(DATASET RECORDS Opens)

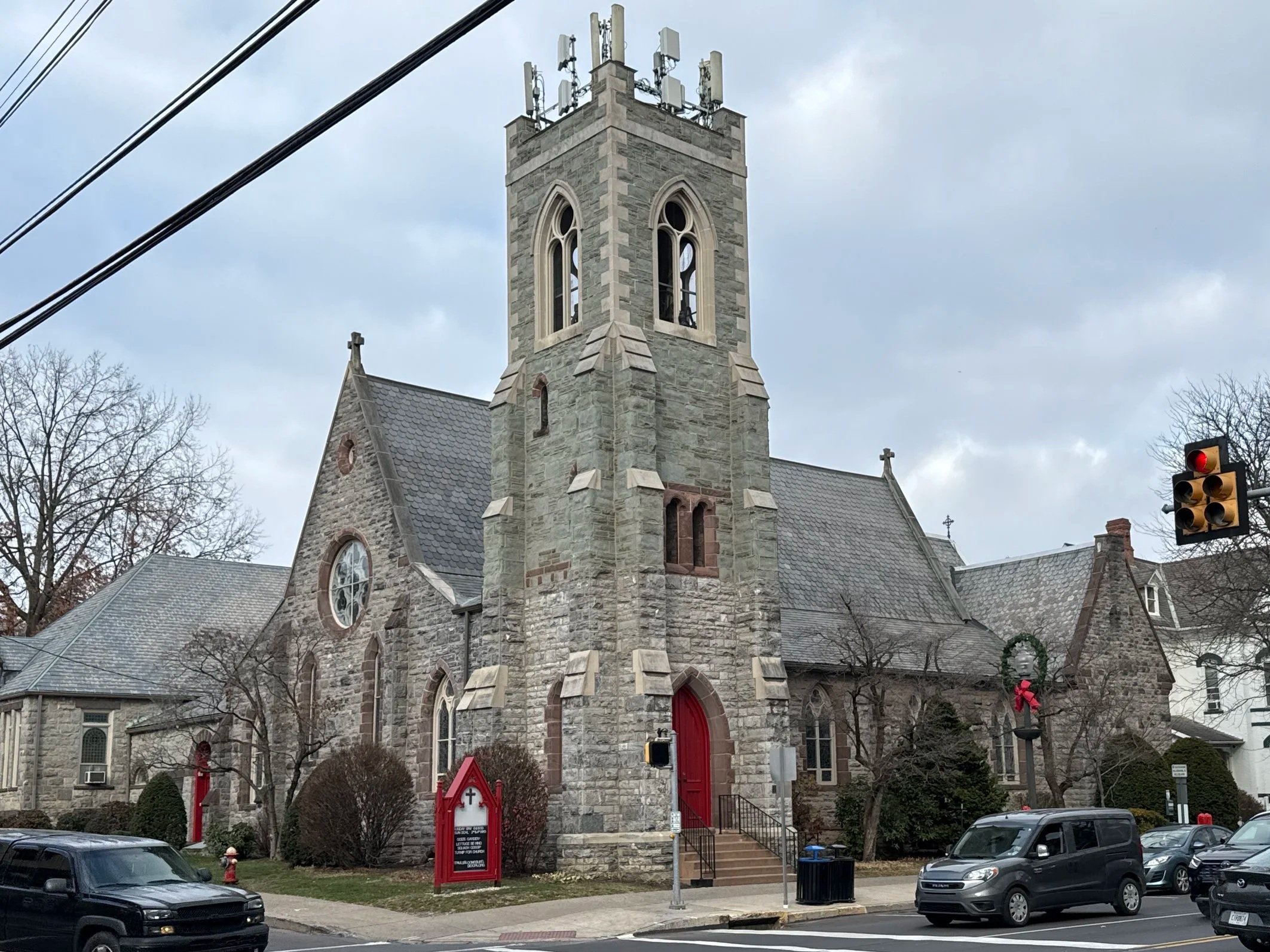 Stone church building with a central tower and arched windows, located at a street corner in a residential neighborhood.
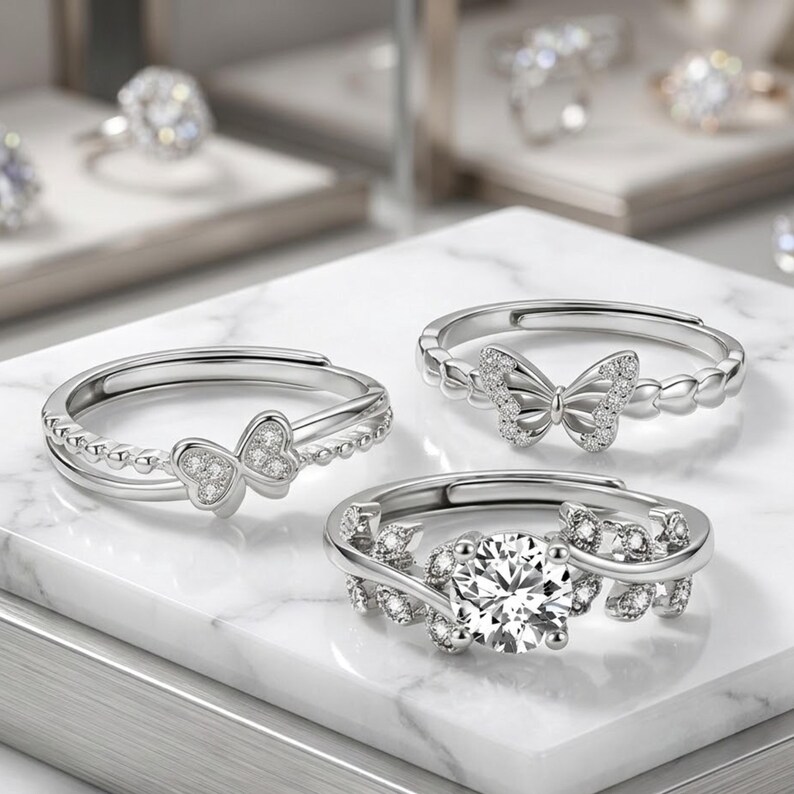 May include: Three silver rings with clear gemstones. One ring features a butterfly design, another has a large round stone, and the third has a double band with a butterfly. The rings are displayed on a white marble surface.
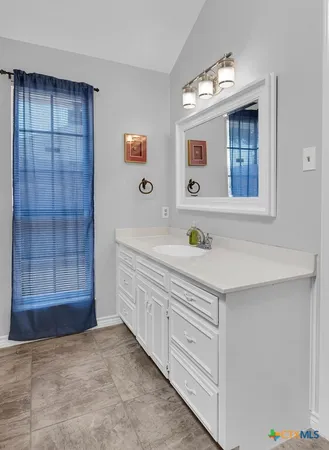 a bathroom with a sink double vanity and a mirror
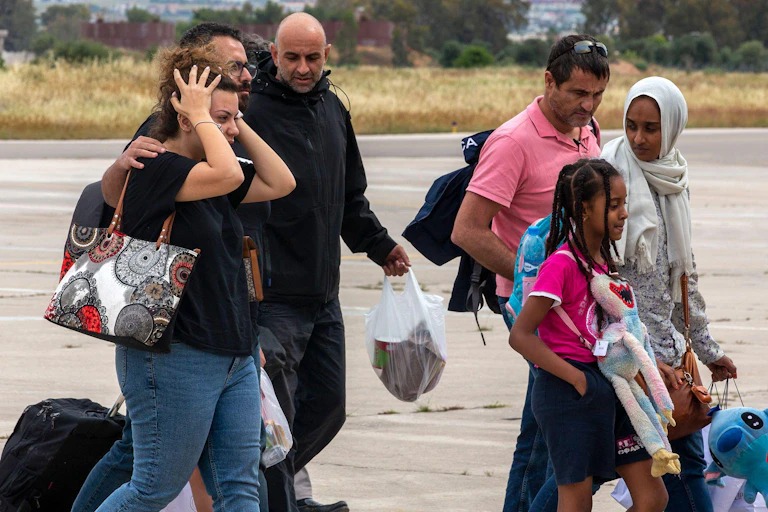 A group of people of all ages arrive in an airport.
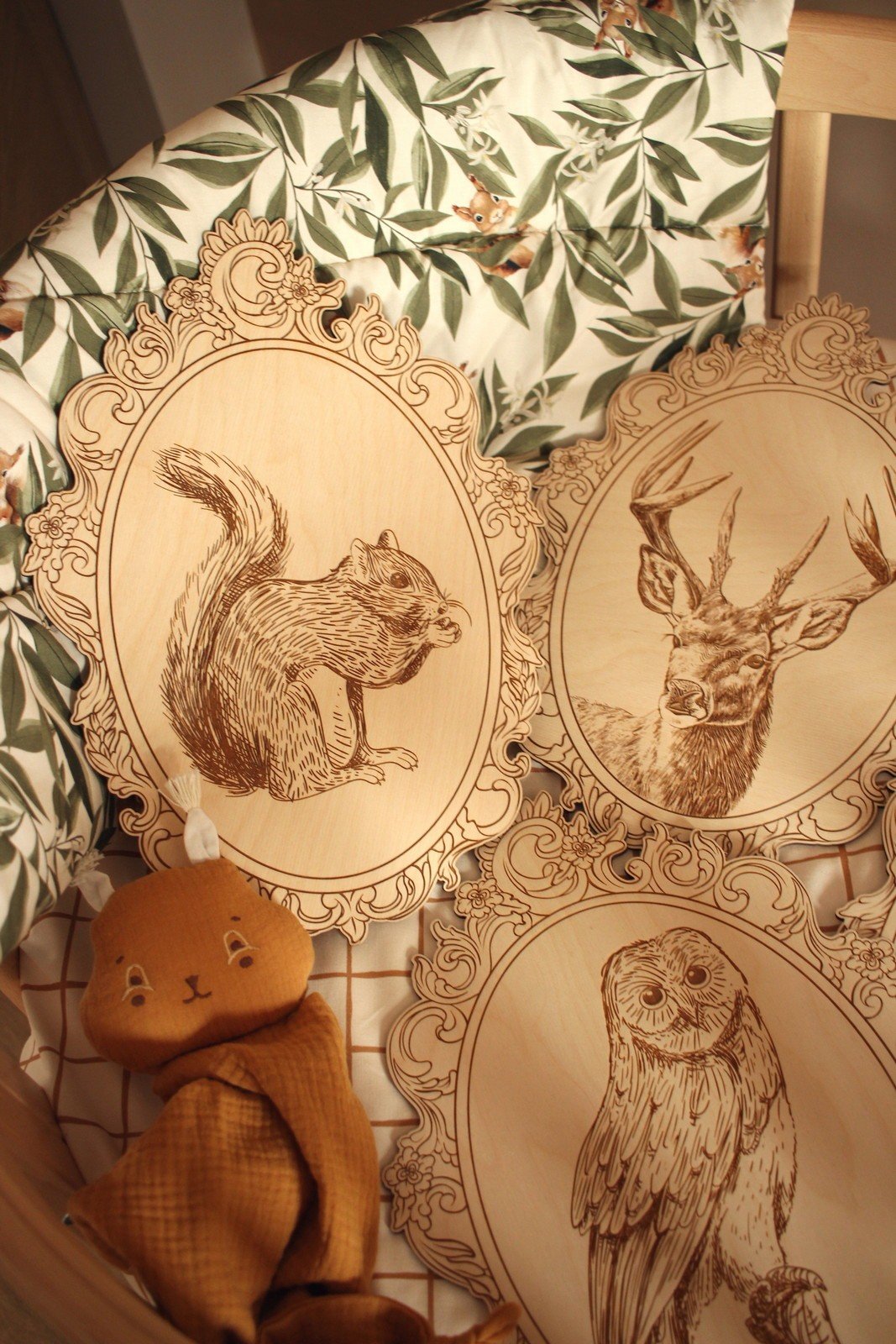 7. Set of engraved squirrel, deer, and owl pictures in retro frames on patterned fabric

(DATASET RECORDS Closes)

__DIRECTIONS__
Begin with the line containing "a bathroom with", stop at the last line of the records above, and copy every line in between exactly, both ends included, with no pictures.

__YOUR RESPONSE__
 a bathroom with a sink double vanity and a mirror
 A group of people of all ages arrive in an airport.
 7. Set of engraved squirrel, deer, and owl pictures in retro frames on patterned fabric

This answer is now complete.